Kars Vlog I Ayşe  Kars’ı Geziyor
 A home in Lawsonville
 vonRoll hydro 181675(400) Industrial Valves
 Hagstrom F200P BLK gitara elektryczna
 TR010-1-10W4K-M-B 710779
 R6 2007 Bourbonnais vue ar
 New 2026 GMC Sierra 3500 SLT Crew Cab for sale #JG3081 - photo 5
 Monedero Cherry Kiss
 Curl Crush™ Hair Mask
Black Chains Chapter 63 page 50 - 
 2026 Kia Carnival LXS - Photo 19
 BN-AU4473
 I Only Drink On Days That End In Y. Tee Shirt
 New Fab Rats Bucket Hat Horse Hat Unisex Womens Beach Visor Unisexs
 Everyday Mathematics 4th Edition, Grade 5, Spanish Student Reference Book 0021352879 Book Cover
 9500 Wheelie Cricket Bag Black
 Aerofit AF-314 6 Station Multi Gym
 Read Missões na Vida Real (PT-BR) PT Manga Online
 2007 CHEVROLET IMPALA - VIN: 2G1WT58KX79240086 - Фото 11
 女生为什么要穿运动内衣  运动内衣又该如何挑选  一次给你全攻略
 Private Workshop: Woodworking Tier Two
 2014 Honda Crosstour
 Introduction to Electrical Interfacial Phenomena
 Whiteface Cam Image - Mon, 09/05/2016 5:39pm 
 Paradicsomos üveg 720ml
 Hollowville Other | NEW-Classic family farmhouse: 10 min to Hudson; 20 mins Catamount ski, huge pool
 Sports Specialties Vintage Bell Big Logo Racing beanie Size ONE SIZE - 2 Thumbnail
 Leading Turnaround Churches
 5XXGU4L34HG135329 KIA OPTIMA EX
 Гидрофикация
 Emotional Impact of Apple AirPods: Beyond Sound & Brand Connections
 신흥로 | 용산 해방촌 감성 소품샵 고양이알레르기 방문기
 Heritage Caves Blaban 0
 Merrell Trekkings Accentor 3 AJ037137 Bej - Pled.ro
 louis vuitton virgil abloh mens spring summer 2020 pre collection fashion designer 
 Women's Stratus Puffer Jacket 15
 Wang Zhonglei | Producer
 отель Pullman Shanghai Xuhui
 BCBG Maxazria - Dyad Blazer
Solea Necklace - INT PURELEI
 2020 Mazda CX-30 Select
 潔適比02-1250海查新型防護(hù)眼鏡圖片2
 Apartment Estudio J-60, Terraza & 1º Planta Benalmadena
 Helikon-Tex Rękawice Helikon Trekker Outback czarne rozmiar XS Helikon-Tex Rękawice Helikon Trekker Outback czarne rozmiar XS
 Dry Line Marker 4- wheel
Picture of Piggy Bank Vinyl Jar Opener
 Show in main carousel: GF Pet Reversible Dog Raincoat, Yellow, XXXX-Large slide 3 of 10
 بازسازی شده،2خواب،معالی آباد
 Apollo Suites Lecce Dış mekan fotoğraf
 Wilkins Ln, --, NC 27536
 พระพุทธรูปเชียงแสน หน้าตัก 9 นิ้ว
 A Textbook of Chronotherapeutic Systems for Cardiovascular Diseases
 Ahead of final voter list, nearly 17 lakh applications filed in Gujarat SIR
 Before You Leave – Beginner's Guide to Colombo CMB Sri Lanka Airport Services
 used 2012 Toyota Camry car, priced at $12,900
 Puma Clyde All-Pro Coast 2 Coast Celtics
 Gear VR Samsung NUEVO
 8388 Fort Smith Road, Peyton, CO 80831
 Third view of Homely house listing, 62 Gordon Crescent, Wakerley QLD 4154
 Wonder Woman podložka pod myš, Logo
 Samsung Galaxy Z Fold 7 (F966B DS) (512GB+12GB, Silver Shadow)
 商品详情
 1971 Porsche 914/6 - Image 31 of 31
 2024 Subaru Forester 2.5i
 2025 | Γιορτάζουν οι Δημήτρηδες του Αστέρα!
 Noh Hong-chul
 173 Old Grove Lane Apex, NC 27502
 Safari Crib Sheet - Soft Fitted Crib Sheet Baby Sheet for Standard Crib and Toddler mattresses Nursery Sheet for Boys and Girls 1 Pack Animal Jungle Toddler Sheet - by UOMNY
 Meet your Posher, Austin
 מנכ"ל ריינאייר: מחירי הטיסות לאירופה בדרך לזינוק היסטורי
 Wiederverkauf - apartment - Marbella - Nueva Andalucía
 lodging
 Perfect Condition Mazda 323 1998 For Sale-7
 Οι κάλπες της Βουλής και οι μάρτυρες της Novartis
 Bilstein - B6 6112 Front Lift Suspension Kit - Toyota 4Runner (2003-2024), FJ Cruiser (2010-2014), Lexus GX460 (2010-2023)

[ACTIVITY]: Using the listing above, say how many of its lines contain the string "Toyota", giving nothing but the figure.

[THE ANSWER]: 2